独男、日々を飛ぶ

独りぼっち男の日常

勇者と下衆


平昌オリンピックのこと。
今日帰ってきていつもどうりにテレビを点けた。


TBSの夕方のニュースでは、フィギュアスケートのペアショートで北朝鮮の選手とその美女応援団が取り上げられていた。
で、予選落ちした日本の木原・須崎選手のことについては「彼らが演技している間は美女軍団はにこりともしなかった」という姿を放送する題材としてだけ取り上げられていた。


マジばかばかしい。
腹立つわ。


そりゃぁ報道としては政治・国際ネタも大事だ。
ただ今回はスポーツである。
北朝鮮ペアとその美女応援団」についてよりも、日本ペアを優先して取り上げるべきではないだろうか。


北朝鮮の選手や美女応援団などどうでもいいこと。


日本においてフィギュアスケートはシングルにばかり注目も人気も集まるが、欧米ではペアやアイスダンスも非常に人気があるのだという。
しかし日本では練習するためのリンクもなく、十分な練習環境が整っていないため海外にも渡り技を磨かなければならないそうだ。


木原選手も須崎選手も元々はシングルの選手で、
木原選手は4年前のソチオリンピック前に協会からの依頼で本人の意図ではなかったペアへ半ば無理やり転向をした経緯があるという。
自ら望んだ転向ではなかった。


その木原選手の今日の演技する姿を見て、ソチ代表の鈴木明子が「楽しそうに演技をする龍一を見て涙が止まらない」とコメントしたという。

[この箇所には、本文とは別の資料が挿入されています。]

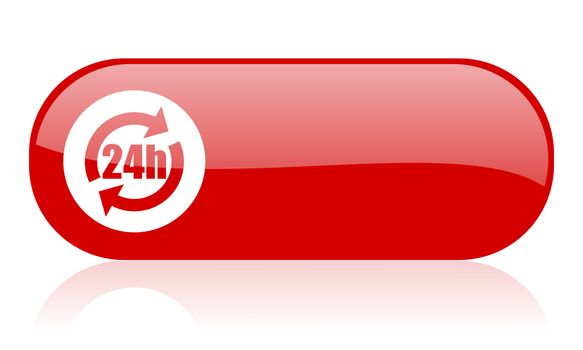 24h red web glossy icon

一昨日に団体を解説していた町田樹も「ペアやアイスダンスのカップル競技は恵まれない練習環境の中でも近年確実に力をつけてきていてがんばっている。注目してほしい」と話していた。


それに比べ、羽生選手は練習風景ですら大きなニュースになる。


2連覇の期待はわかるけど、テレビはもっと普段陽の当たらないマイナー競技や選手にもオリンピックだからこそ取り上げてあげるべきではないだろうか。
多くの人がテレビで見ているのだから。
たいした美女でもないどっかの国の応援団を取り上げるよりも。


メダルを獲った選手もそうでない選手にも様々な努力や思いがあるはずだ。


そして、髙梨沙羅選手をはじめ女子のスキージャンプ選手が今日帰国した際に、
会見場で一人のカメラマンがメダルを持つ髙梨選手を3人が後ろから指を差すという図での写真撮影をリクエストしたという。


しかし、髙梨選手はそれを「自分だけで獲ったメダルではなく皆の力で獲ったものなので、自分を囲んでみんなが指をさすのはおかしい。それは出来ない」と断わり、4人で肩を組むショットに変更されたという。

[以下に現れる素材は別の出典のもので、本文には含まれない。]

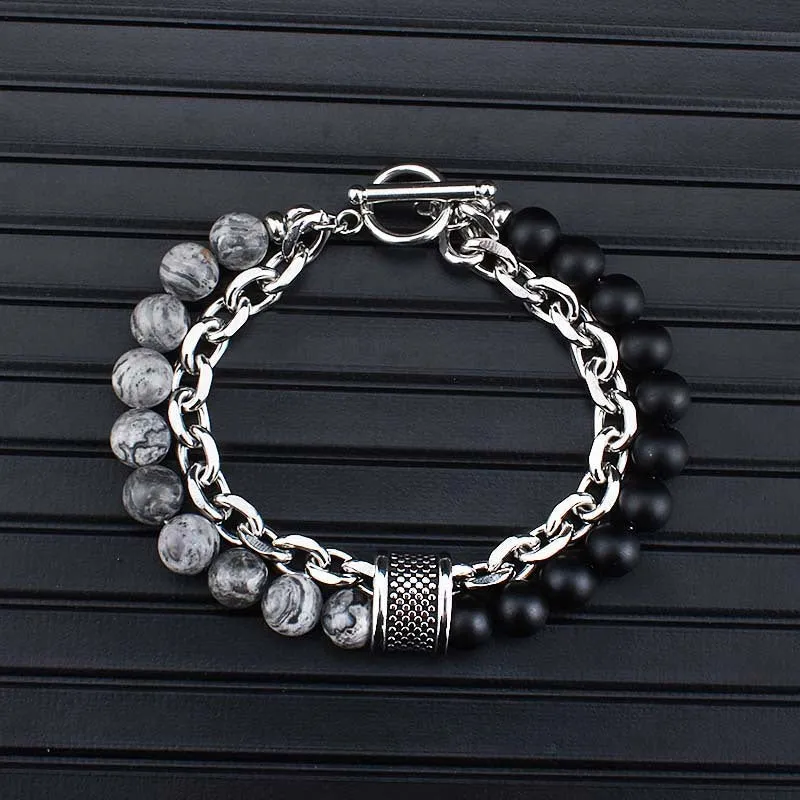 European And American Stainless Steel Tiger's Eye Men's Bracelet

髙梨選手が会見で語った言葉や、伊藤選手が直後に駆け寄って抱き合ったあの姿をきちんと見ていれば、そんなこと普通言えないだろバカカメラマン。
へどが出る。

髙梨選手よく断った。
他の3選手も悔しいはずなのに、自分のことのように髙梨選手を祝福して喜ぶ姿は本当に美しかった。

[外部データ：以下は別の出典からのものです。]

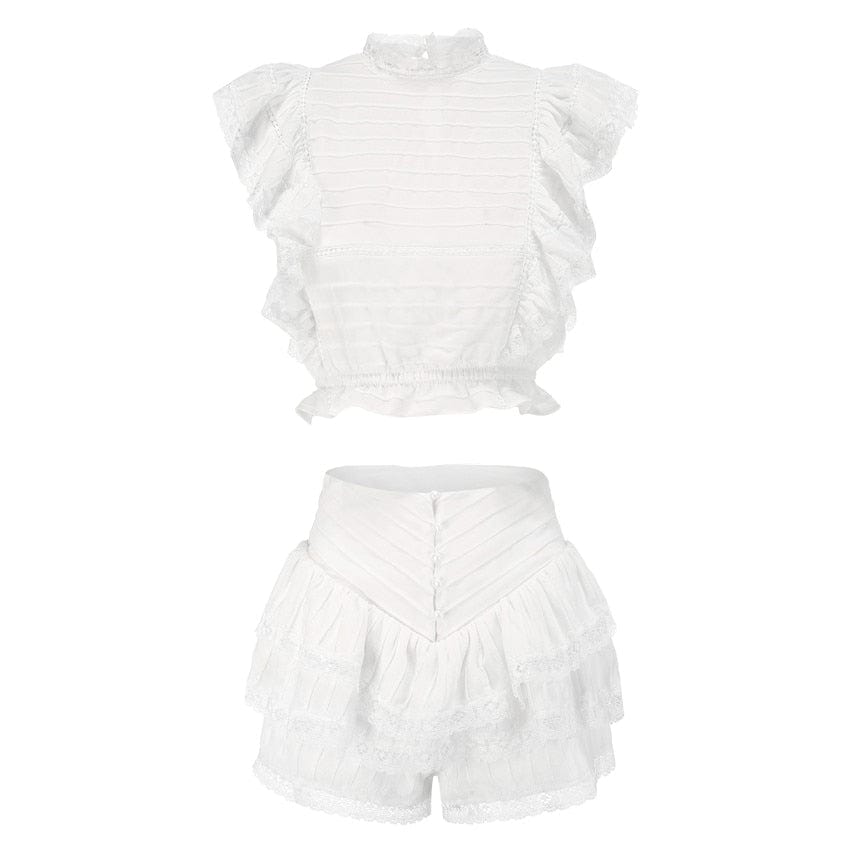 High Quality 2023 Sunday Set elastic waistband Cropped top with ruffle detail and cute ruffle mini shorts skirts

髙梨選手もそれをよくわかっていて、自分だけのメダルじゃないと言い断った。
共に闘った仲間への思いやり。
本当に素晴らしいチームだし、選手。
全員が技術だけでなくその人間性もメダリストに値すると思う。


オリンピックを見ていて、選手たちはみな頑張っているのにそれを報道する人たちにクソが多いと思った。


友人も恋人もおらず、休みの日にもどこも行くところがない俺と同じくらいクソだ。